Thursday 11th of January 2024

@Sandy, What I noticed is that a lot of people talked about what "counts" as ministering, what is not required to do, what can we do to help others? A lot of emphasize was put on the DO's and DONT's. But in my view we minister not to DO something, but to make sure that everyone is visited, watched over, cared for, and/or supported on their journey on the covenant path. That we don't let anyone wonder around, get lost or feels out of place, like they don't belong there. I sometimes think and say, I don't care too much about people leaving the church because they don't believe in certain doctrines. I do hate people leaving the church, because they misunderstood something, felt alone or abandoned, felt like there wasn't a place for them, mistreated etc. Because that means that I (or we) failed in our duty/calling to strengthen those around us (and thus in our call to minister)

In addition, we also minister to help the bishop watch over his flock, so he doesn't have to check in with everyone, but knows who needs his limited time and resources because the members know who needs that little extra support that ministers can't provide (like financial support, relational support etc).

Sandy

Friday 5th of January 2024

@Ben Arkell, I have been trying to teach this message in relief society. Many felt like nobody needed to visit and nobody needed visits when the new program came out. However, I feel it is even more important to visit or members on person than ever before in order to develop real relationships and build trust and learn to know one another. How can we serve those we do not know? There is nothing that can substitute for being face to face and touching or hugging those who need that touch so desperately. Thank you for reminding us to do more and do better in fulfilling our sacred duties to love and care for those in our keep.

Ben Arkell

Friday 5th of January 2024

Thanks for your comment! In your opinion, what is the purpose of the visit? I would agree that a monthly visit in some instances isn't necessary. What I think is vital that seems to be missing is a concern for the spiritual welfare of others and a proactive manner of teaching the word of God in homes.

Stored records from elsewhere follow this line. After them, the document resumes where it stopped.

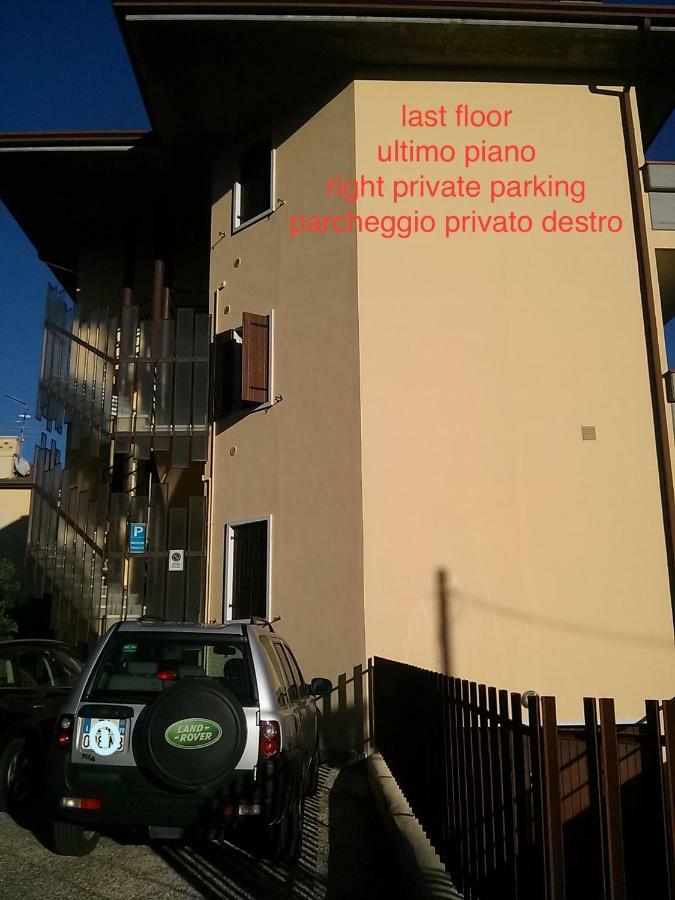 New Apartment Private Parking Bardolino Exterior foto
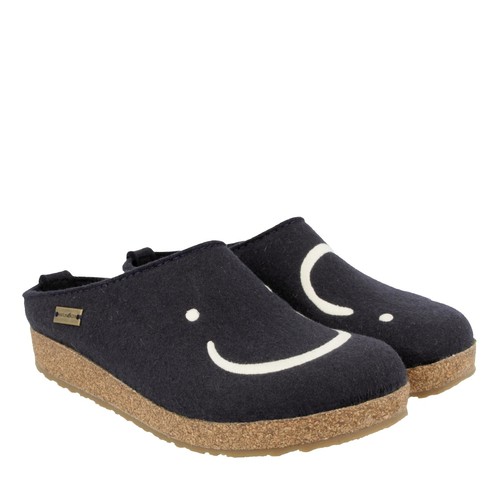 Haflinger smile mittelblau - haflinger,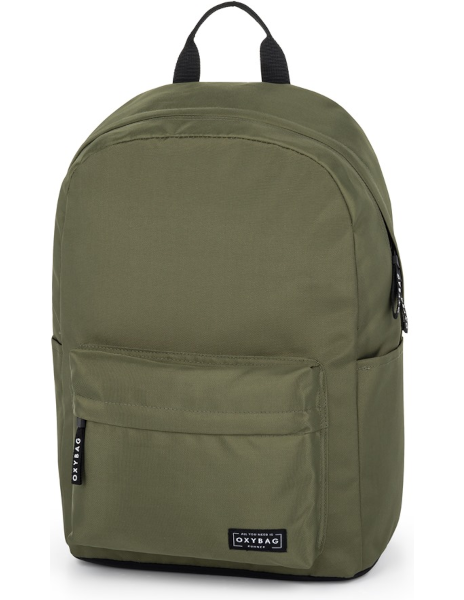 Batoh studentský Oxy Runner Olive 313530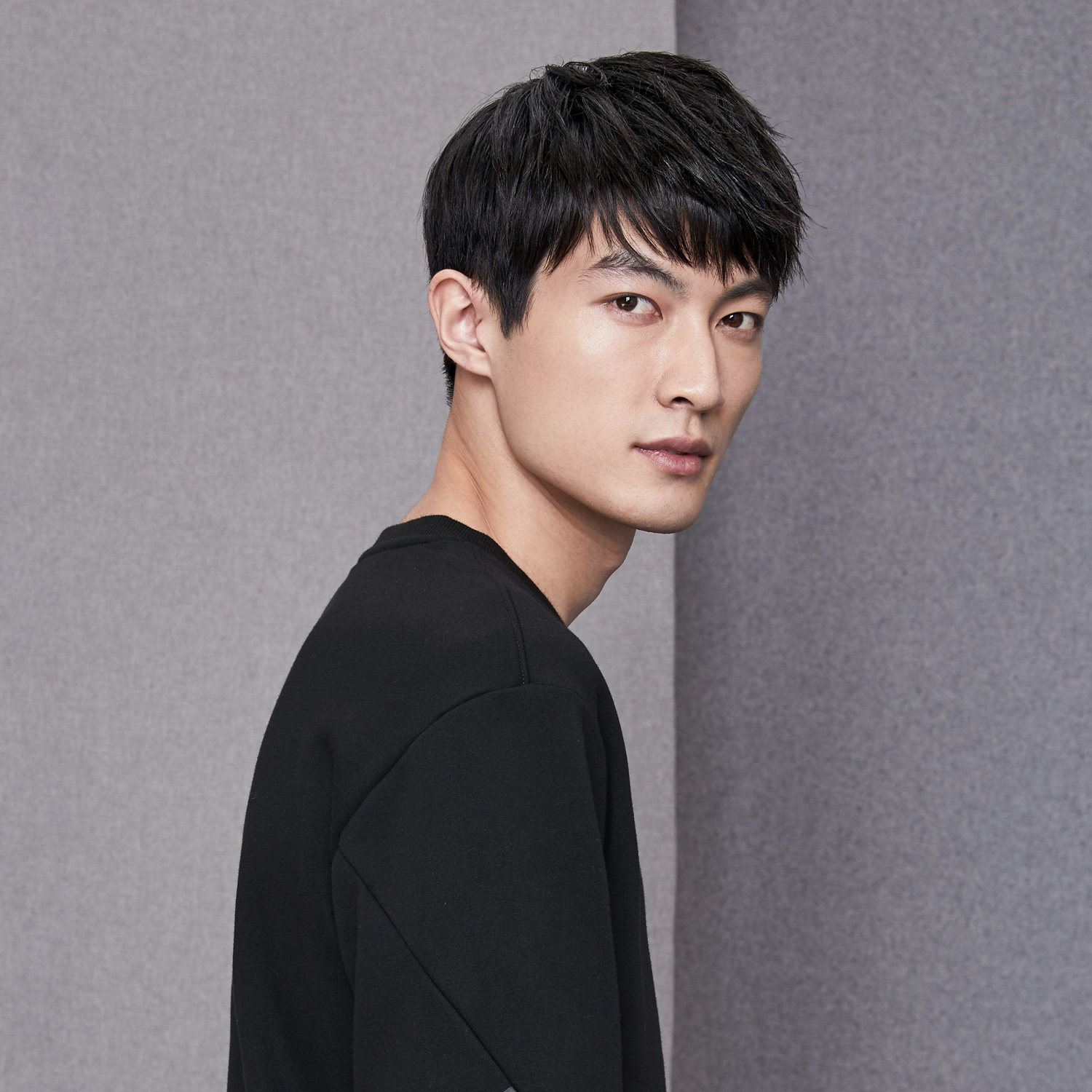 Sweatshirt homme HLA     en Coton - Ref 3127834 Image 4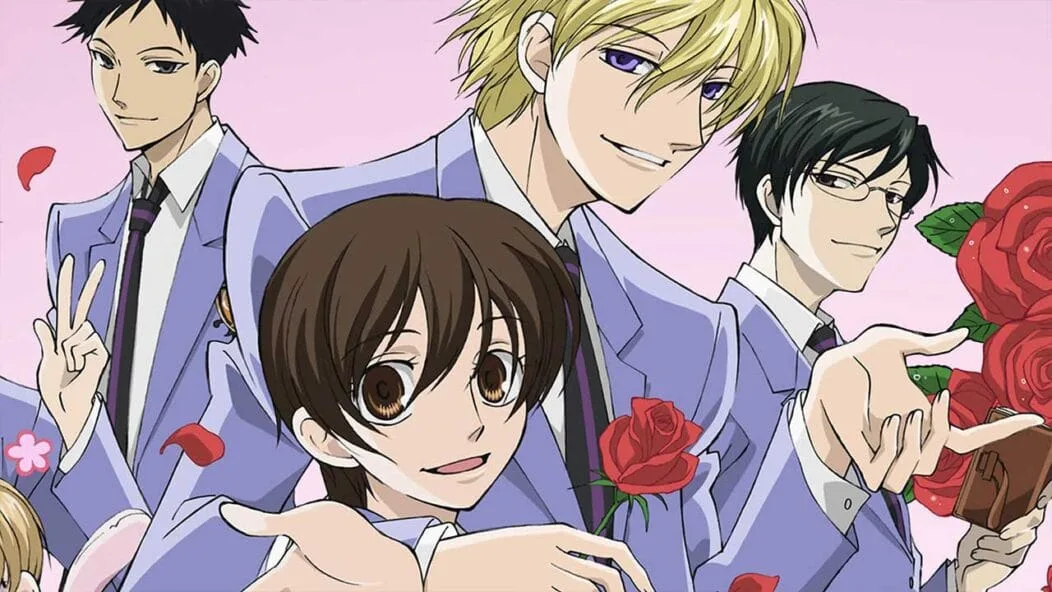 Ouran Koukou Host Club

Wednesday 3rd of January 2024

Ive been an active member all my life, and from the comments in the article, it is evident that the sisters who made a few of them, have not gone to God and received revelation as to how to best serve the sisters. . I am elderly and could have used some help with my yard etc, and since the church came out with the inspired ministering program, I can count in one hand the times I have been approached. I am not a negative person, I am just reporting my experience with it. Most of the time, I have not known who it was. One time I looked on the computer and found out it was the wife of one in the bishopric, and the other sister was in the primary presidency...Just sayin. Sometimes a hug in the hallway or a smile goes a long way.

Ben Arkell

Friday 5th of January 2024

Thank you for your comment. I wish there was more care given to help you with your needs.